━━━━━ MATERIAL SHOWN ━━━━━

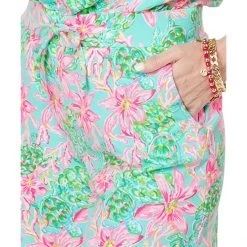 Lilly Pulitzer Jumpsuits & Rompers Jace Romper -Lilly Pulitzer Sales Store 81qq1qW1RAL. AC SR736920
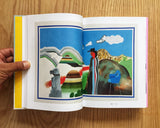 David Hockney. A Chronology. 40th Anniversary Edition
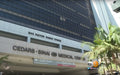 Cedars-Sinai Medical Center Ground Water Reuse Project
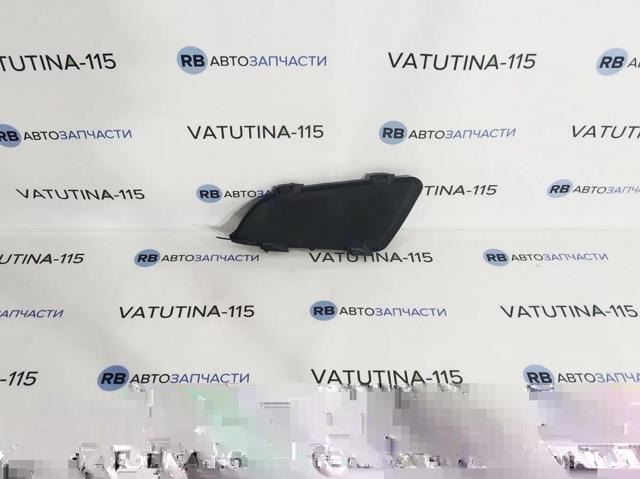 FP4403994 FPS Заглушка ПТФ бампера переднего правая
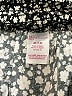 No Boundaries 100% Polyester Stars Black Casual Skirt Size M - photo 4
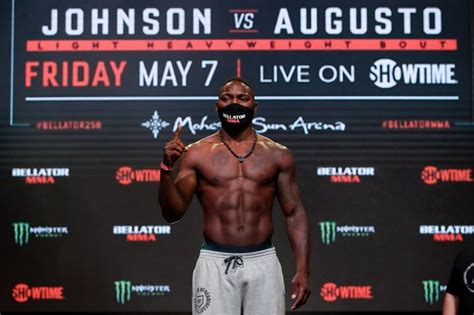 Most Embarrassing Moment Anthony Johnson Reveals Why He Is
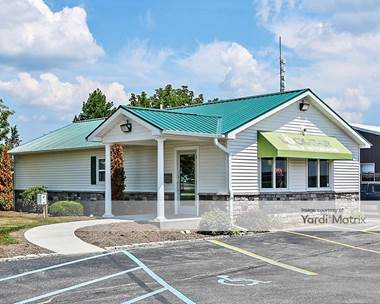 Storage Units for Rent available at 6424 Memorial Hwy, Ottawa Lake, MI 49267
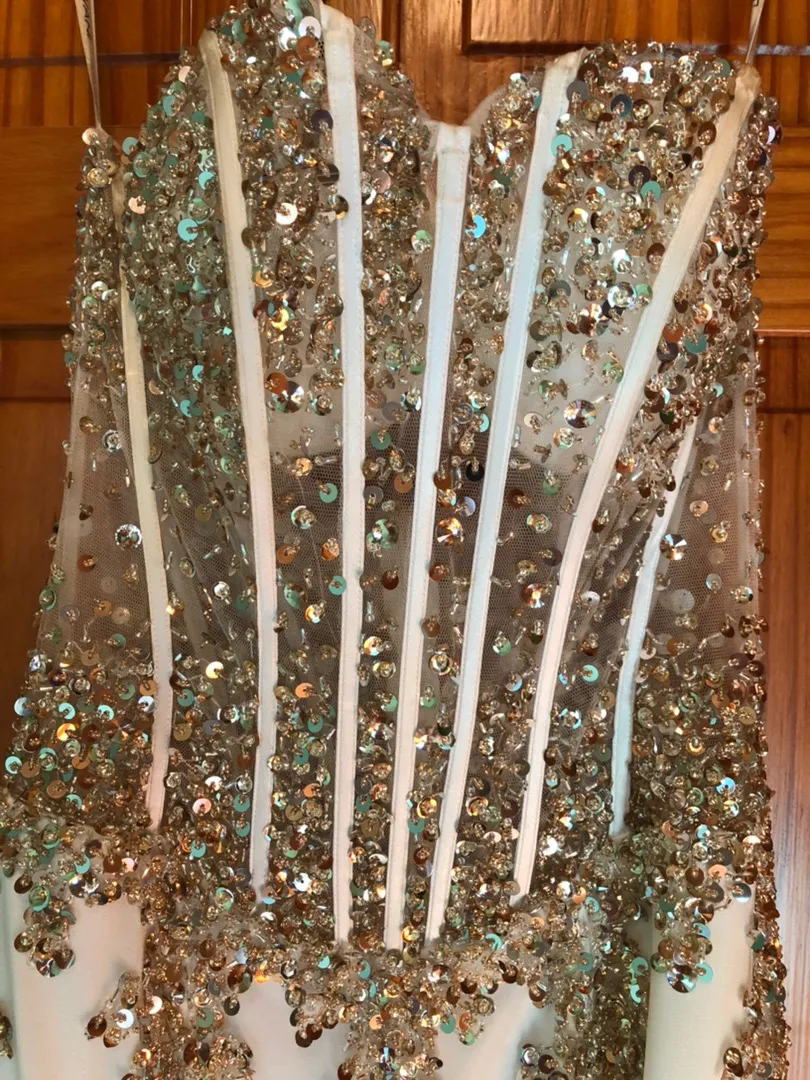 Prom Dress - Image 5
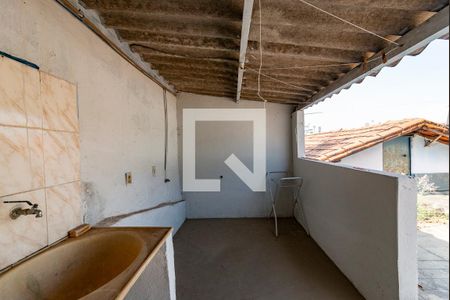 Casa à venda com 223m², 3 quartos e 3 vagas Casa à venda com 223m², 3 quartos e 3 vagasÁrea de Serviço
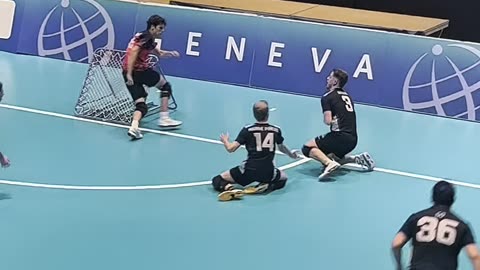 🥵 Val de Ruz Yougsters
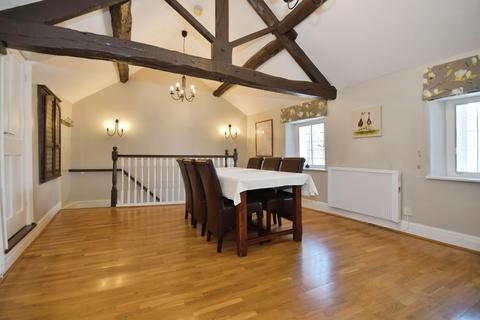 2 bedroom apartment for sale, Market Place, Hartington, Buxton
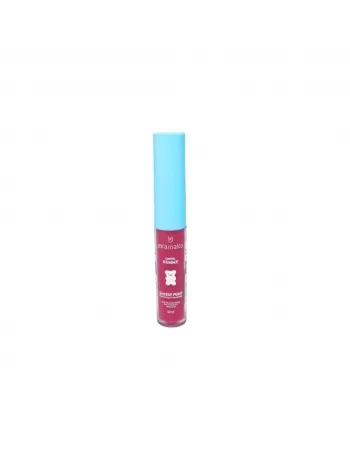 GLOSS PUMP VOLUMIZADOR COR 01 MIA MAKE 4ML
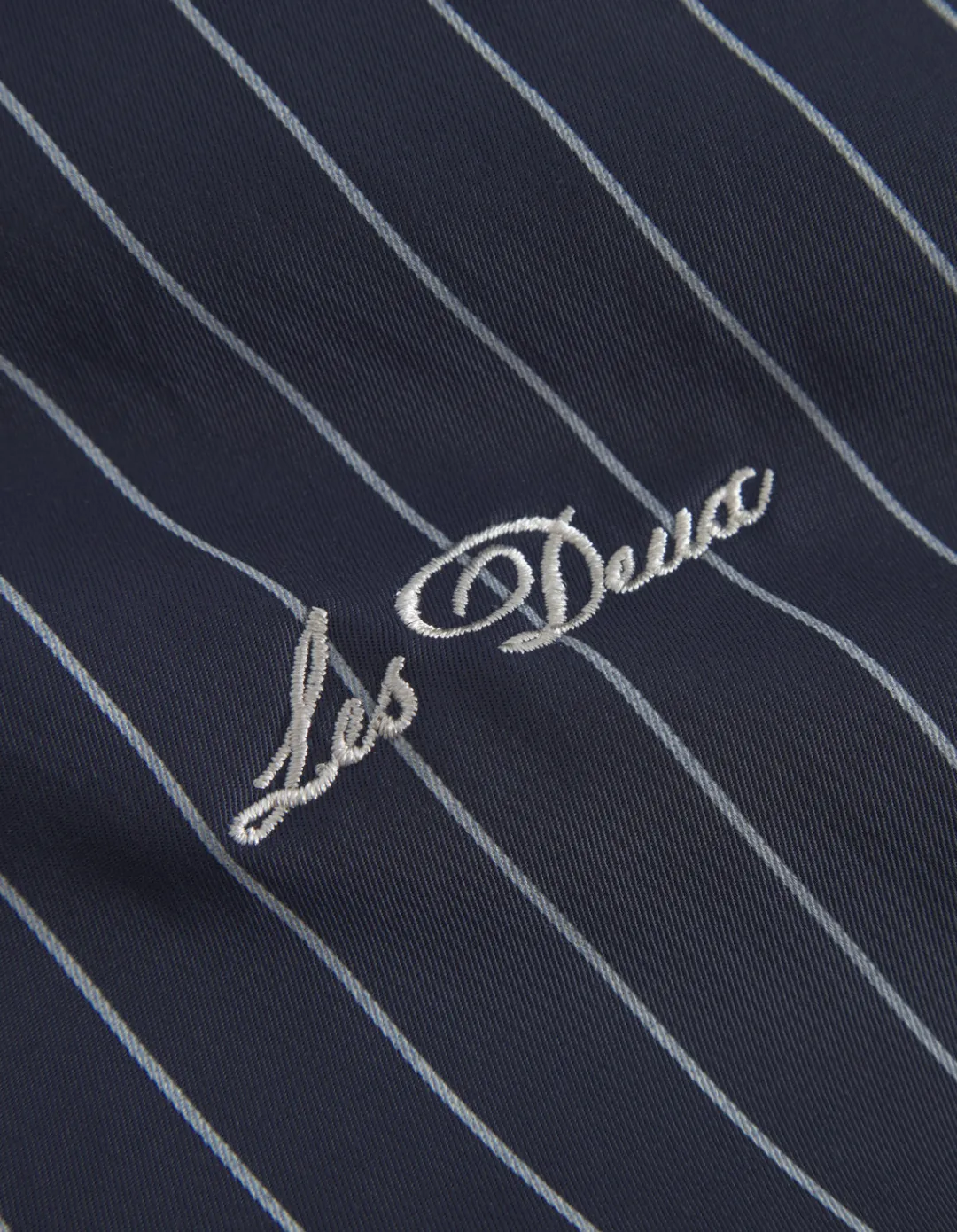 Les Deux Tech Varsity Jacket | Jackets / Coats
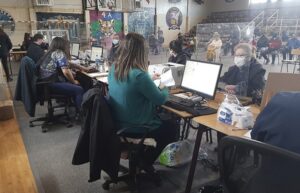 Municipio espera alcanzar los 60 mil pagos para el permiso de circulación 2021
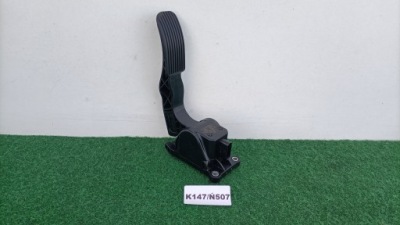 Педаль газу потенціометр mercedes sprinter 906 vito a9063000404 k147/ń507 фото №1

━━━━━

• PROBLEM DESCRIPTION: When you output the entries, keep each line exactly as it is and leave out any pictures.

• OUTPUT OF THE EXERCISE:
 Lilly Pulitzer Jumpsuits & Rompers Jace Romper -Lilly Pulitzer Sales Store 81qq1qW1RAL. AC SR736920
 David Hockney. A Chronology. 40th Anniversary Edition
 Cedars-Sinai Medical Center Ground Water Reuse Project
 FP4403994 FPS Заглушка ПТФ бампера переднего правая
 No Boundaries 100% Polyester Stars Black Casual Skirt Size M - photo 4
 Most Embarrassing Moment Anthony Johnson Reveals Why He Is
 Storage Units for Rent available at 6424 Memorial Hwy, Ottawa Lake, MI 49267
 Prom Dress - Image 5
 Casa à venda com 223m², 3 quartos e 3 vagas Casa à venda com 223m², 3 quartos e 3 vagasÁrea de Serviço
 🥵 Val de Ruz Yougsters
 2 bedroom apartment for sale, Market Place, Hartington, Buxton
 GLOSS PUMP VOLUMIZADOR COR 01 MIA MAKE 4ML
 Les Deux Tech Varsity Jacket | Jackets / Coats
 Municipio espera alcanzar los 60 mil pagos para el permiso de circulación 2021
 Педаль газу потенціометр mercedes sprinter 906 vito a9063000404 k147/ń507 фото №1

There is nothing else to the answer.